- Task directions -
From the listing below, output the lines between the one with "ears, beast, pet" and the one with "Der Ewaldsee in", including those two, and nothing else. Pictures are not copied.

- Recorded data -
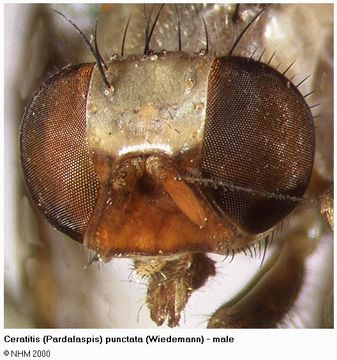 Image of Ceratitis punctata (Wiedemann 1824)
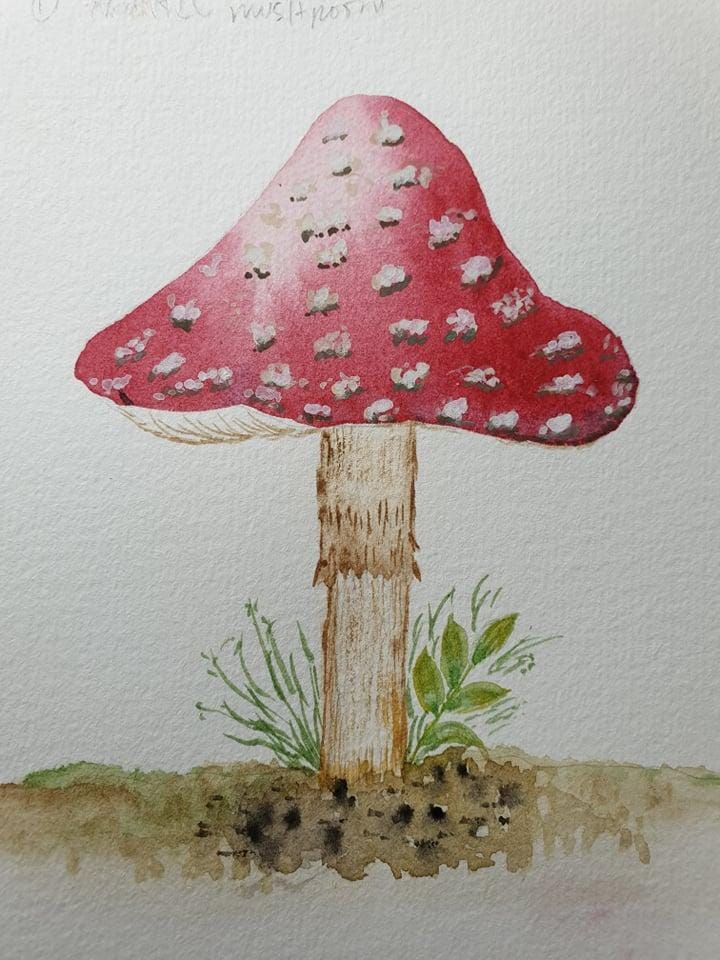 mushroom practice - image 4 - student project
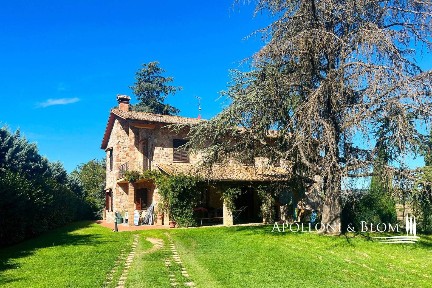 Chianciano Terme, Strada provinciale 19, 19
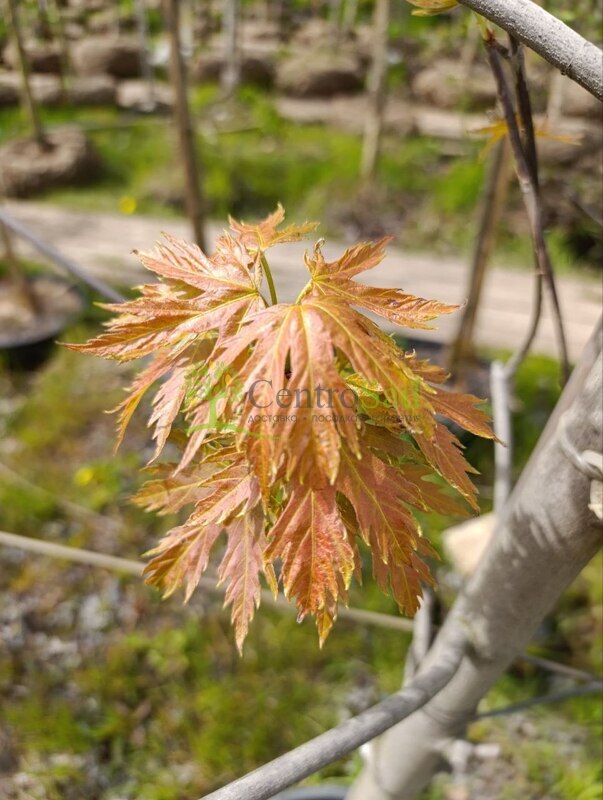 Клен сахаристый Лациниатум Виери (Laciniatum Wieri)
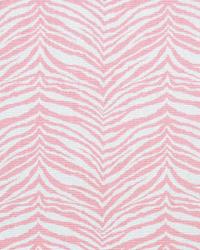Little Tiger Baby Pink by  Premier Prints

* * *

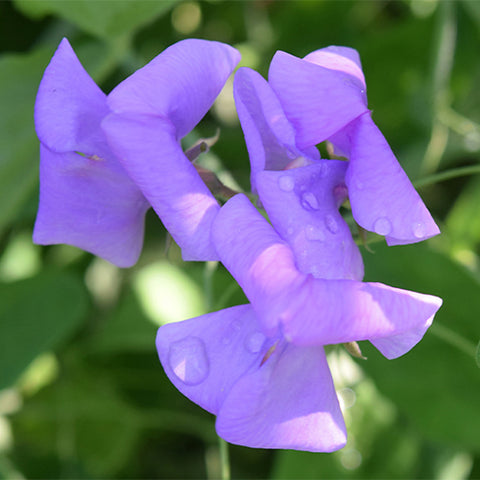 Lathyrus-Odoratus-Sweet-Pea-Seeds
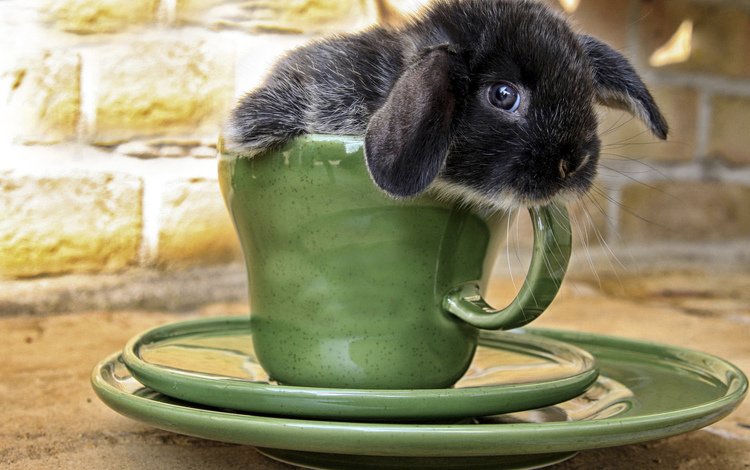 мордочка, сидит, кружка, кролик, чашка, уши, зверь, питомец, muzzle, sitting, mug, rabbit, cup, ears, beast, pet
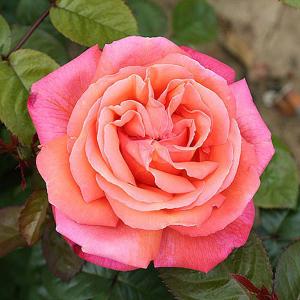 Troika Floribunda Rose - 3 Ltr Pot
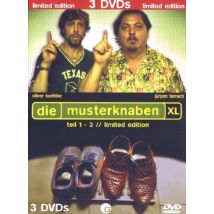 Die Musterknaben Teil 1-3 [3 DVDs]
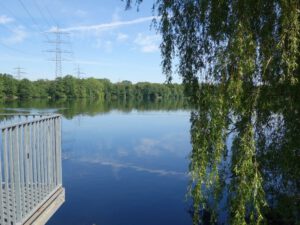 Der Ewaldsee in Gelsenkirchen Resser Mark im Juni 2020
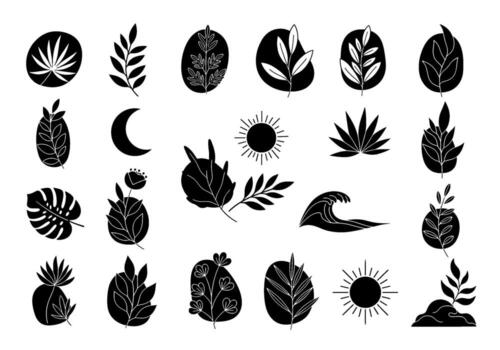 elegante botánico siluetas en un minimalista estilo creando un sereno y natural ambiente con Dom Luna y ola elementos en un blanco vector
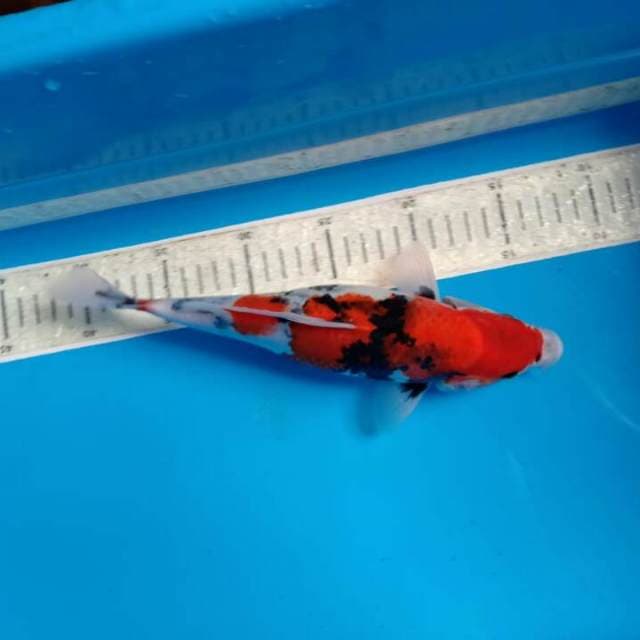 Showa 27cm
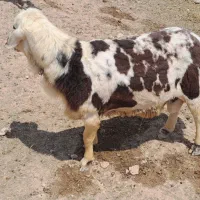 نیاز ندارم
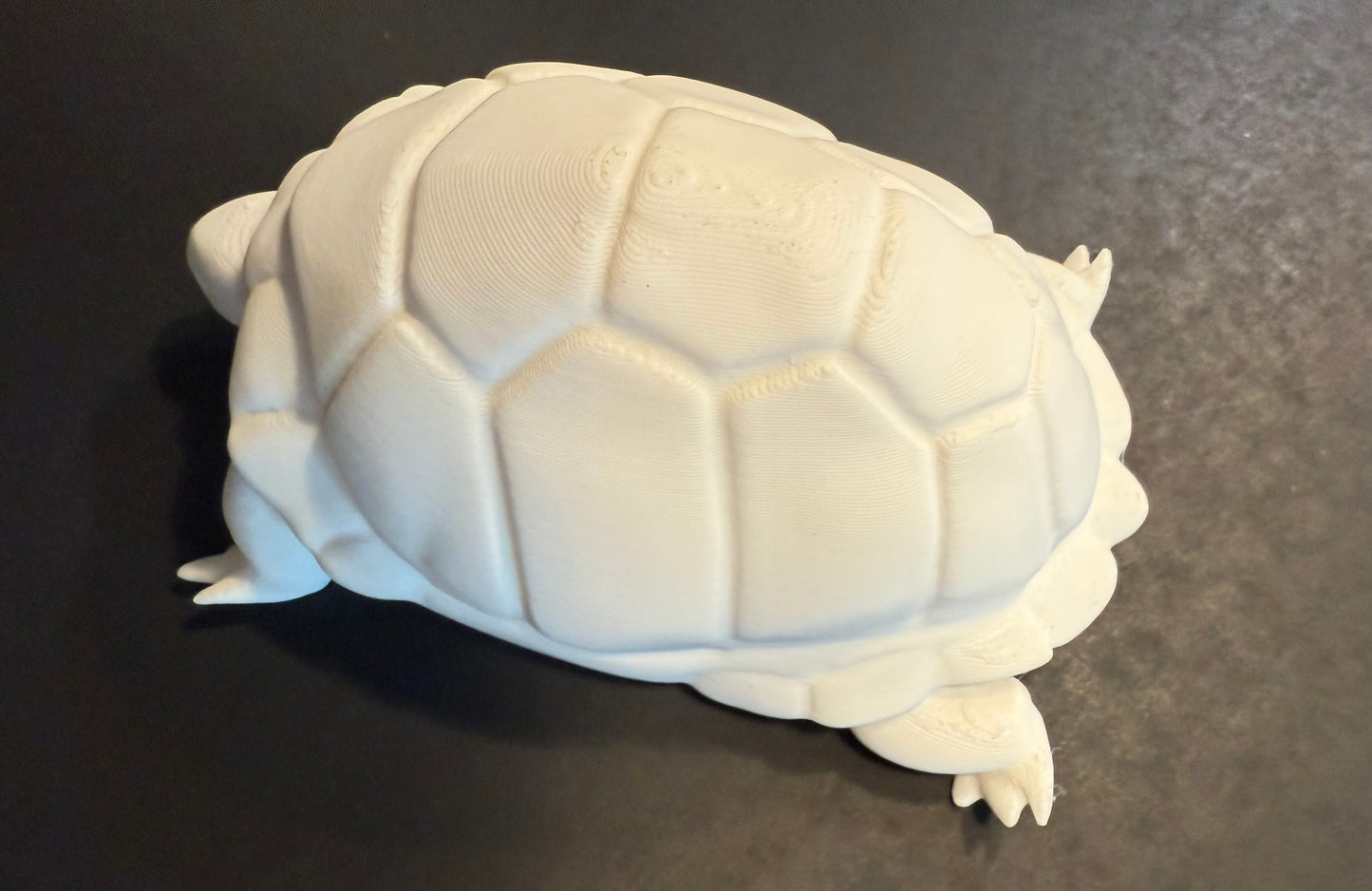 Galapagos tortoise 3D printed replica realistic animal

- Response -
 мордочка, сидит, кружка, кролик, чашка, уши, зверь, питомец, muzzle, sitting, mug, rabbit, cup, ears, beast, pet
 Troika Floribunda Rose - 3 Ltr Pot
 Die Musterknaben Teil 1-3 [3 DVDs]
 Der Ewaldsee in Gelsenkirchen Resser Mark im Juni 2020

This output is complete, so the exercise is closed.